Top of DATA FOR THIS TASK

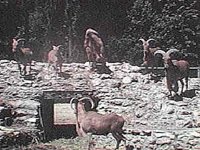 B8158.JPG
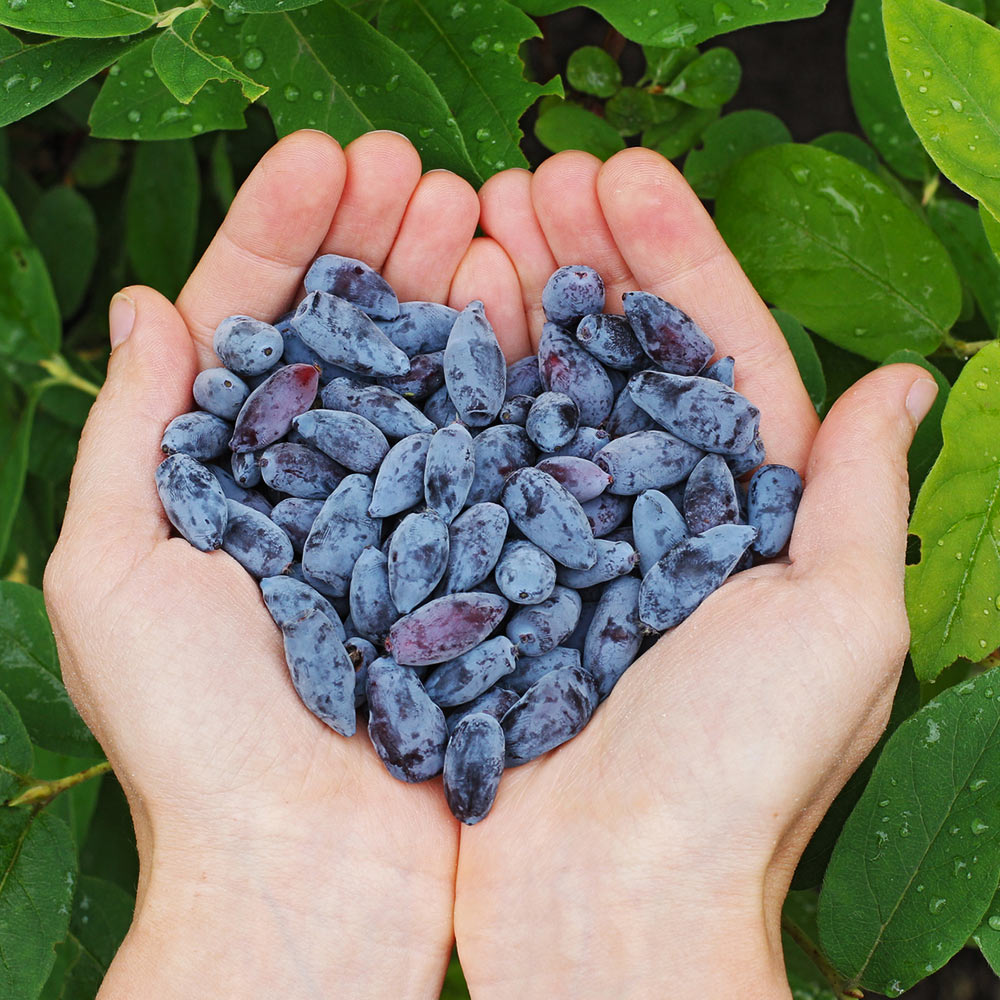 Blue Banana Honeyberry Plant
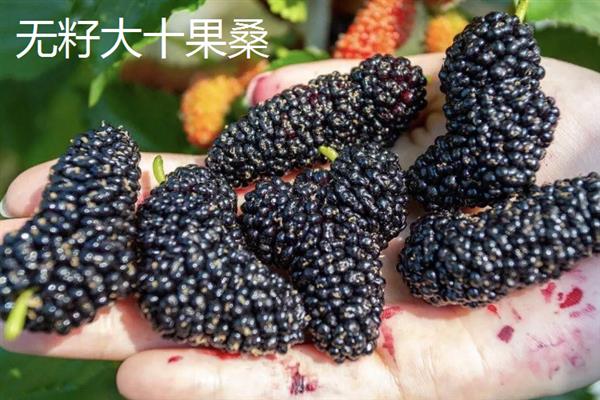 桑树苗的特点，其表面光滑无毛且成树株高16米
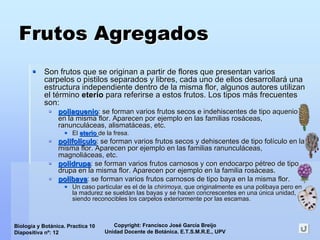 Copyright: Francisco José García Breijo
Unidad Docente de Botánica. E.T.S.M.R.E., UPV
Biología y Botánica. Practica 10
Diapositiva nº: 12
Frutos AgregadosFrutos Agregados
Son frutos que se originan a partir de flores que presentan variSon frutos que se originan a partir de flores que presentan variosos
carpelos o pistilos separados y libres, cada uno de ellos desarrcarpelos o pistilos separados y libres, cada uno de ellos desarrollarollaráá unauna
estructura independiente dentro de la misma flor, algunos autoreestructura independiente dentro de la misma flor, algunos autores utilizans utilizan
el tel téérminormino eterioeterio para referirse a estos frutos. Los tipos mpara referirse a estos frutos. Los tipos máás frecuentess frecuentes
son:son:
poliaqueniopoliaquenio: se forman varios frutos secos e indehiscentes de tipo: se forman varios frutos secos e indehiscentes de tipo aquenioaquenio
en la misma flor. Aparecen por ejemplo en las familias rosen la misma flor. Aparecen por ejemplo en las familias rosááceas,ceas,
ranunculranunculááceas,ceas, alismatalismatááceasceas, etc., etc.
ElEl eterioeterio de la fresa.de la fresa.
polifolpolifolíículoculo: se forman varios frutos secos y dehiscentes de tipo: se forman varios frutos secos y dehiscentes de tipo folfolíículoculo en laen la
misma flor. Aparecen por ejemplo en las familias ranunculmisma flor. Aparecen por ejemplo en las familias ranunculááceas,ceas,
magnolimagnoliááceas, etc.ceas, etc.
polidrupapolidrupa: se forman varios frutos carnosos y con: se forman varios frutos carnosos y con endocarpoendocarpo ppéétreo de tipotreo de tipo
drupadrupa en la misma flor. Aparecen por ejemplo en la familia rosen la misma flor. Aparecen por ejemplo en la familia rosááceas.ceas.
polibayapolibaya: se forman varios frutos carnosos de tipo baya en la misma flor: se forman varios frutos carnosos de tipo baya en la misma flor..
Un caso particular es el de laUn caso particular es el de la chirimoyachirimoya, que originalmente es una, que originalmente es una polibayapolibaya pero enpero en
la madurez se sueldan lasla madurez se sueldan las bayasbayas y se hacen concrescentes en unay se hacen concrescentes en una úúnica unidad,nica unidad,
siendo reconocibles los carpelos exteriormente por las escamas.siendo reconocibles los carpelos exteriormente por las escamas.
 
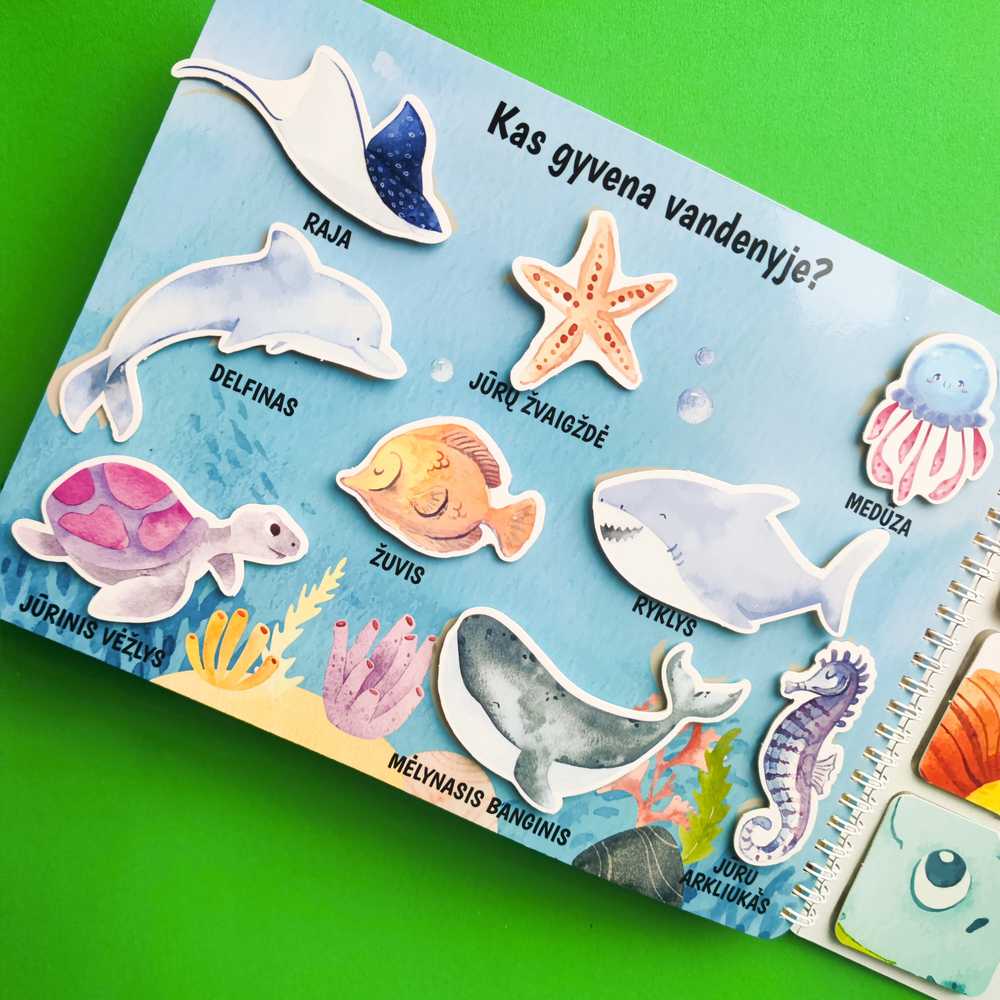 Lietuvos Kurejai Mano antra lavinamoji veiklos knyga su daugkartinio naudojimo lipdukais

Bottom of DATA FOR THIS TASK

WHAT YOU WILL DO: Could you print the data exactly as it appears and keep the pictures out?

FINISHED EXERCISE:
 B8158.JPG
 Blue Banana Honeyberry Plant
 桑树苗的特点，其表面光滑无毛且成树株高16米
 Copyright: Francisco José García Breijo
Unidad Docente de Botánica. E.T.S.M.R.E., UPV
Biología y Botánica. Practica 10
Diapositiva nº: 12
Frutos AgregadosFrutos Agregados
Son frutos que se originan a partir de flores que presentan variSon frutos que se originan a partir de flores que presentan variosos
carpelos o pistilos separados y libres, cada uno de ellos desarrcarpelos o pistilos separados y libres, cada uno de ellos desarrollarollaráá unauna
estructura independiente dentro de la misma flor, algunos autoreestructura independiente dentro de la misma flor, algunos autores utilizans utilizan
el tel téérminormino eterioeterio para referirse a estos frutos. Los tipos mpara referirse a estos frutos. Los tipos máás frecuentess frecuentes
son:son:
poliaqueniopoliaquenio: se forman varios frutos secos e indehiscentes de tipo: se forman varios frutos secos e indehiscentes de tipo aquenioaquenio
en la misma flor. Aparecen por ejemplo en las familias rosen la misma flor. Aparecen por ejemplo en las familias rosááceas,ceas,
ranunculranunculááceas,ceas, alismatalismatááceasceas, etc., etc.
ElEl eterioeterio de la fresa.de la fresa.
polifolpolifolíículoculo: se forman varios frutos secos y dehiscentes de tipo: se forman varios frutos secos y dehiscentes de tipo folfolíículoculo en laen la
misma flor. Aparecen por ejemplo en las familias ranunculmisma flor. Aparecen por ejemplo en las familias ranunculááceas,ceas,
magnolimagnoliááceas, etc.ceas, etc.
polidrupapolidrupa: se forman varios frutos carnosos y con: se forman varios frutos carnosos y con endocarpoendocarpo ppéétreo de tipotreo de tipo
drupadrupa en la misma flor. Aparecen por ejemplo en la familia rosen la misma flor. Aparecen por ejemplo en la familia rosááceas.ceas.
polibayapolibaya: se forman varios frutos carnosos de tipo baya en la misma flor: se forman varios frutos carnosos de tipo baya en la misma flor..
Un caso particular es el de laUn caso particular es el de la chirimoyachirimoya, que originalmente es una, que originalmente es una polibayapolibaya pero enpero en
la madurez se sueldan lasla madurez se sueldan las bayasbayas y se hacen concrescentes en unay se hacen concrescentes en una úúnica unidad,nica unidad,
siendo reconocibles los carpelos exteriormente por las escamas.siendo reconocibles los carpelos exteriormente por las escamas.
 
 Lietuvos Kurejai Mano antra lavinamoji veiklos knyga su daugkartinio naudojimo lipdukais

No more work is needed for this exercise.